Garden Making
- Editor-in-Chief: Beckie Fox
- Frequency: Quarterly
- Publisher: Michael Fox
- Founded: 2010
- Company: Inspiring Media Inc.
- Country: Canada
- Based in: Niagara-on-the-Lake, Ont.
- Language: English
- Website: gardenmaking.com

= Garden Making =

Canadian gardening magazine

Garden Making is an independent Canadian quarterly magazine for home gardeners published by Inspiring Media Inc., in Niagara-on-the-Lake, Ontario.

==History==
The magazine was launched in 2010 by Beckie and Michael Fox, two longtime magazine professionals. Beckie, Garden Makings editor-in-chief, was on the editorial team of Canadian Gardening magazine for its first decade, from the launch in 1990 until becoming its editor, from 1999 to 2001, when it was owned by Avid Media.

Michael, CEO and publisher of Garden Making, retired from Rogers Media in 2012, where he had worked in senior management for more than 30 years. He is the 2015 recipient of Outstanding Achievement from the National Magazine Awards Foundation.

==Reception==
In 2016 Toronto Star columnist Sonia Day wrote that Garden Making "offers real, practical information about growing things (instead of lifestyle piffle) with lovely pictures and an easy-to-read layout."

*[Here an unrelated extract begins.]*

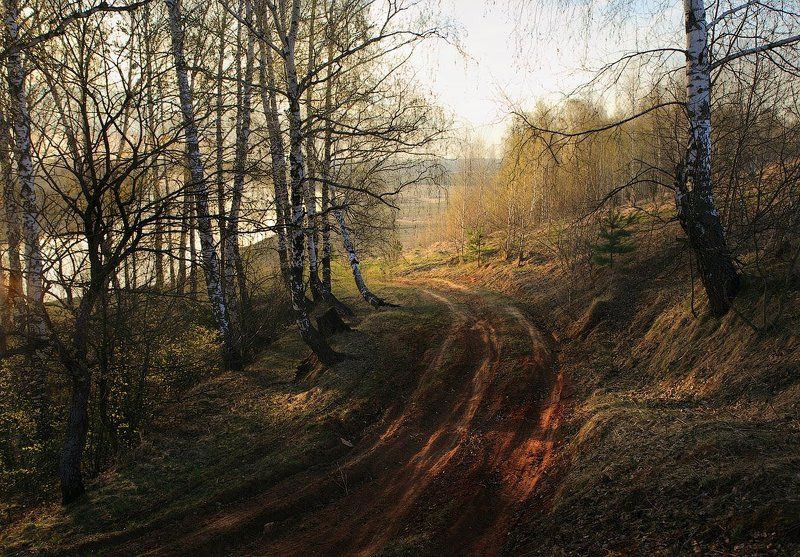 Спускаясь к Клязме фото превью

In 2012 Garden Making was included as a recent example in an exhibition of British and Canadian gardening literature throughout the centuries at the Thomas Fisher Rare Book Library, University of Toronto.

==Awards==
Gold Award for Best Overall Magazine, Fall 2016, Gold Award for Best Overall Magazine, Fall 2013, Association for Garden Communicators (GWA) Awards.